= Work instructions =
Only the lines running from the line with "Llavero Dibujo animado" to the end of the listing below should be copied, exactly, without pictures.

= Data for this exercise =
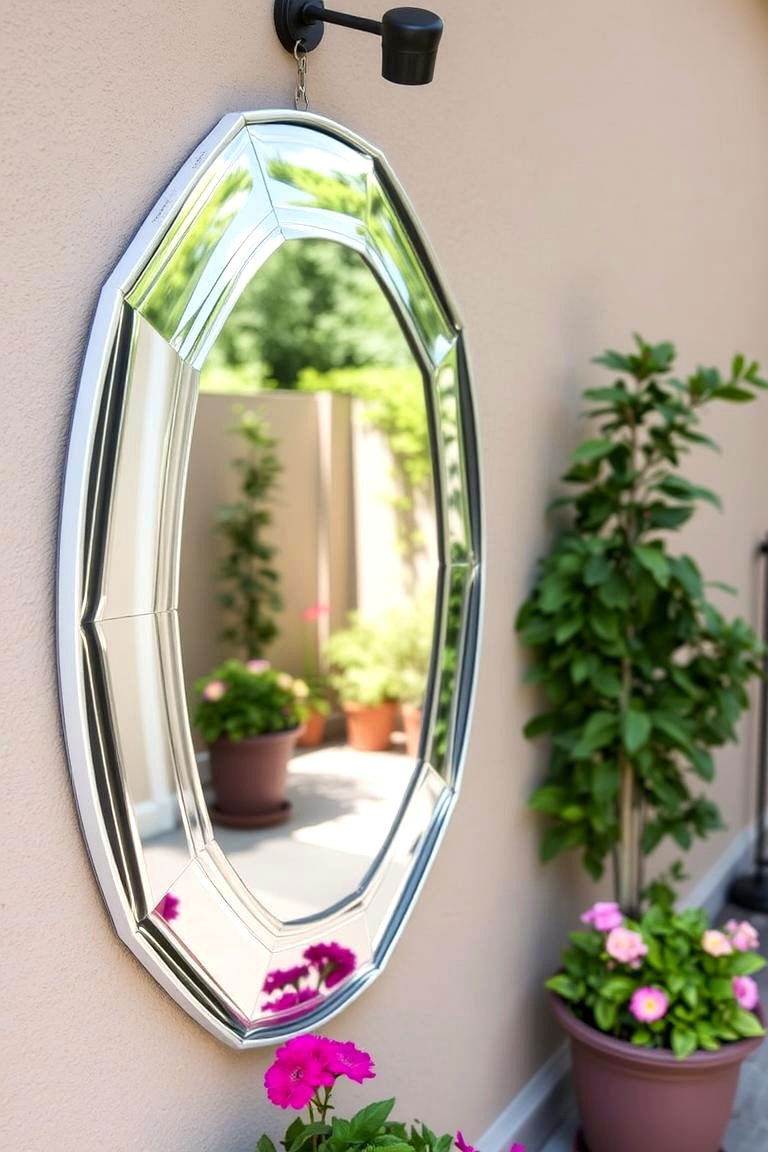 Mirror to Create the Illusion of Space - 24 Patio Small Garden Ideas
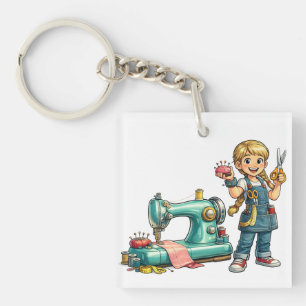 Llavero Dibujo animado de niña linda cosiendo con máquina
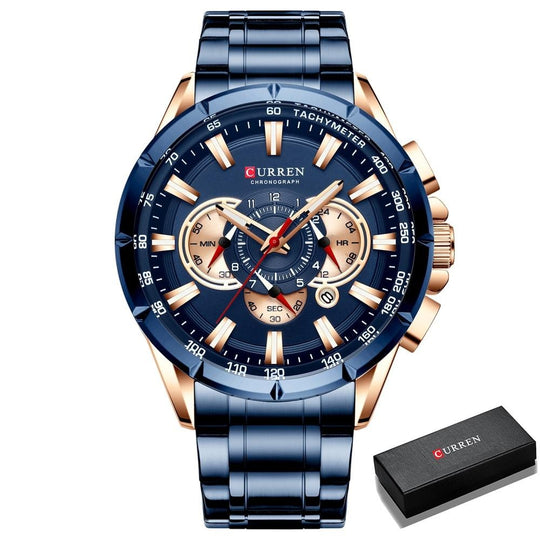 Curren 3 Zifferblätter Chronograph Luxus-Armbanduhr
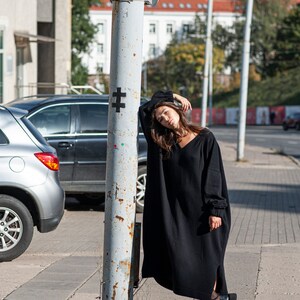 Oversized winter dress, merino dress, V neckline dres, long dress, long black dress, warm tunic dress, loose fit dress, oversized dress image 3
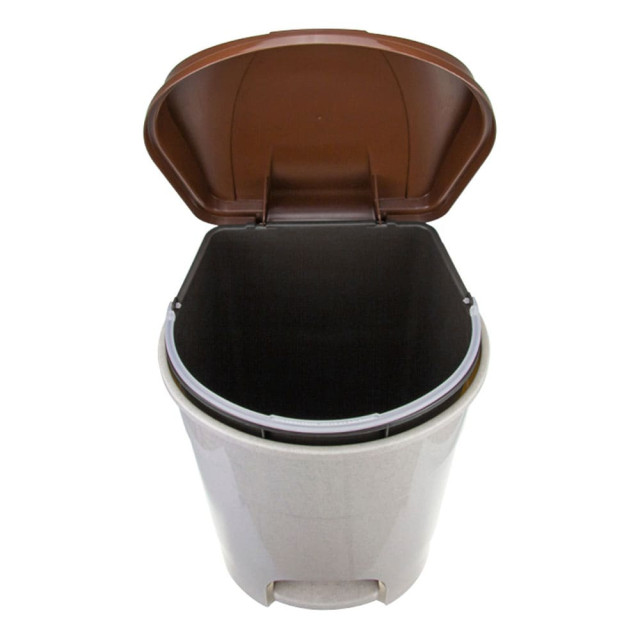 Контейнер для мусора Idea М 2892 с педалью бежевый мрамор 19 л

= Result below =
 Llavero Dibujo animado de niña linda cosiendo con máquina
 Curren 3 Zifferblätter Chronograph Luxus-Armbanduhr
 Oversized winter dress, merino dress, V neckline dres, long dress, long black dress, warm tunic dress, loose fit dress, oversized dress image 3
 Контейнер для мусора Idea М 2892 с педалью бежевый мрамор 19 л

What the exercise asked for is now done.